Actually, your listeners may not be familiar with the fact that it was the 15th Amendment being enforced that ended segregation.  It was the Voting Rights Act that ended segregation.  Brown v. Board of Education said there should be no more segregation, but ten years later there was no less segregation than there had been before.  Essentially by the time the Voting Rights Act was adopted, there were almost no black kids in Alabama going to school with white kids.  It didn’t have any effect.  The Voting Rights Act, on the other hand, was passed in 1965 and within five years segregation essentially was at an end.

Our point in Who Killed the Constitution? is that not only was Brown v. Board of Education ineffective in doing what it was intended by the court to do.  It also gave a kind of moral cover to the Supreme Court’s succeeding career of just going out, finding laws it didn’t like, and declaring them to be unconstitutional.  That’s what we lamented.  We went on in the next chapter to describe the forced busing fiasco in which millions of little kids were made to ride buses for racial balance and for thousands of hours of their lives.  Of course, there have been various other social experiments that were forced on us by the federal courts, all with the cover of: If you criticize that, what are you saying?  You don’t like Brown v. Board of EducationBrown v. Board of Education became this kind of license for the Supreme Court to get into the legislating business, and that’s what it did, and I would argue is still doing.

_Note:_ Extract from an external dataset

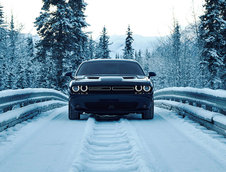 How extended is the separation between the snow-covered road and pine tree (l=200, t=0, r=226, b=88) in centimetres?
2347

The New York Times’ description of Tom and of our book is just a total cheap shot and ignores the fact that we make clear that we think segregation should have been ended using the 15th Amendment.  Not only that, it was ended using the 15th Amendment.  I think this is just part and parcel of the general smear of Senator Paul that was attempted in that article.  I had read that Tanenhaus is supposed to be some kind of conservative, but I can’t detect it in anything I’ve ever read that he’s written.  Actually, I’m on an email list of conservative and libertarian scholars run by Professor Jensen out of Chicago.  He posted a link to the article.  Then another scholar on the list referred to Tanenhaus as a conservative.  I wrote in and said: This is slander and here’s Lew Rockwell’s response to it.  Notice that he describes our book in accurate detail.  I don’t understand why anybody would like this kind of dog whistle Democrat Party campaign description of Tom or our book or the Mises Institute or anything else that was mentioned in the article.  It was a complete hack job as far as I could see.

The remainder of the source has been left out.